Today marks 12 weeks. I thought, perhaps, my next post would not be about my mom. Well, I am happy to say that this post, much like my life, is not all about losing my mom.
So here’s what I’ve learned in the last 12 weeks:
- I like lists. They require little cohesion and no organization at all.
- There is a very fine, at times imperceptible, line between “grieving” and “crazy.”
- You don’t really get it – not really – until it’s you.
- I’m stronger than I thought. I lost the one person I talked to more, shared more, listened to more, relied on more, leaned on more than any other person in the world. And I’m okay. Despite my previous concerns, I wasn’t swallowed by the hole she left in the world.
- I like cemeteries. You can cry all you want and no one looks at you twice. Cause you’re in a cemetery.
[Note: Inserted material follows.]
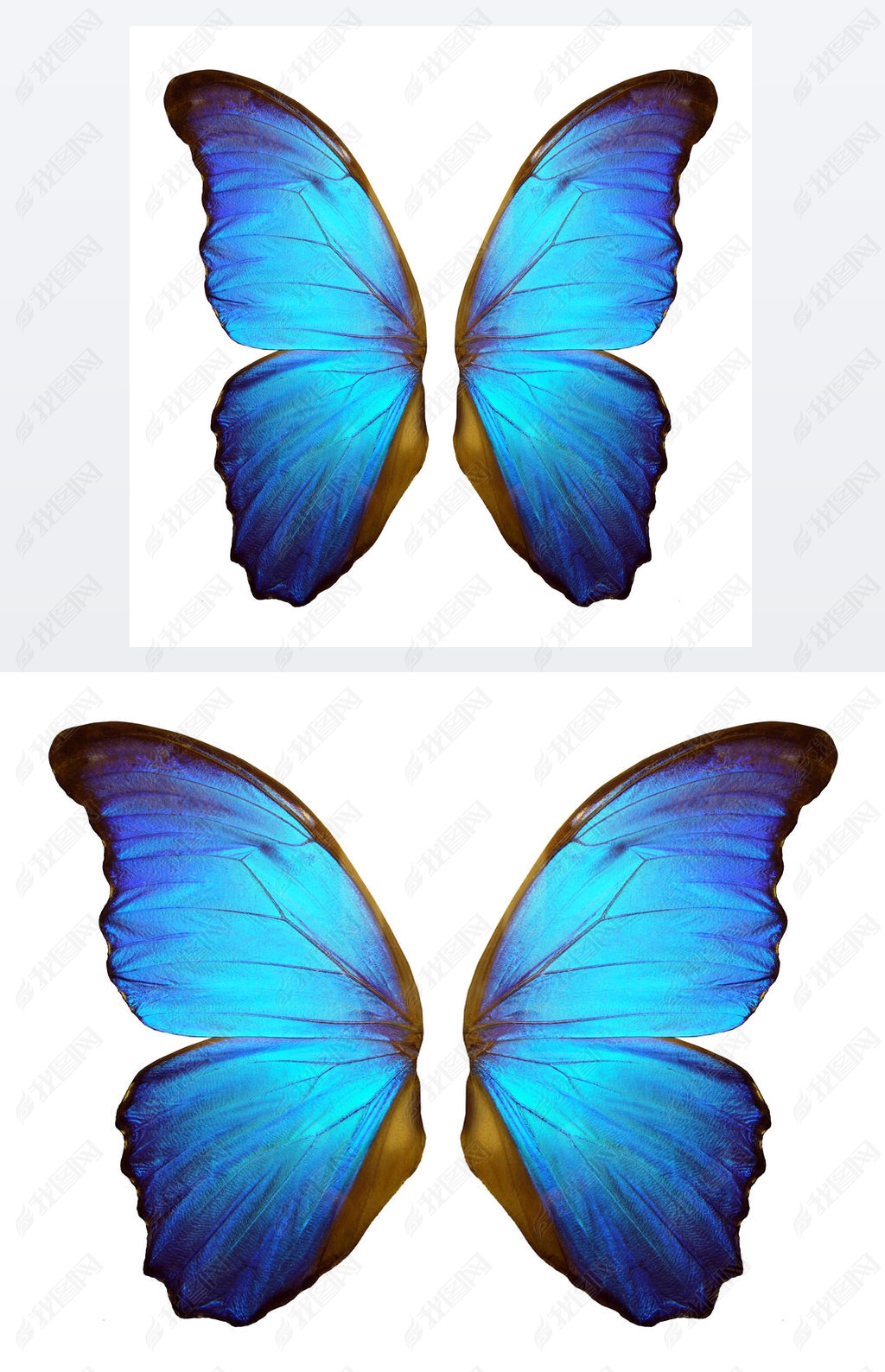 原创蝴蝶的翅膀莫弗在白色背景上隔离的蝶翼版权可商用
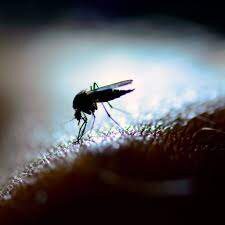 هشدار جهانی نسبت به شیوع انفجاری ویروس زیکا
- Death is arbitrary. My mom wasn’t even two weeks past her 67th birthday, she had low blood pressure, low cholesterol, ate healthy, didn’t smoke, rarely drank, got all her mammograms, colonoscopies, physicals, etc., stayed active, and took her vitamins. And she was literally gone in a matter of seconds. Be healthy so that you can feel good while you’re here – but all the healthy living in the world isn’t going to grant you longevity if it isn’t in the cards.
- The dead apparently do not haunt by request. No matter how much you wish for a visit.
- Apparently I don’t need to share every thought that ever pops into my head with someone. I used to have someone I told everything to. Now, I probably share 50% of those thoughts. Which, I guess, means I have a lot of insignificant thoughts. Or just no one that finds significance in them.
- Even on dark days, wine makes me happy.
- Getting my eye makeup tattooed on a year and a half ago was a sound investment.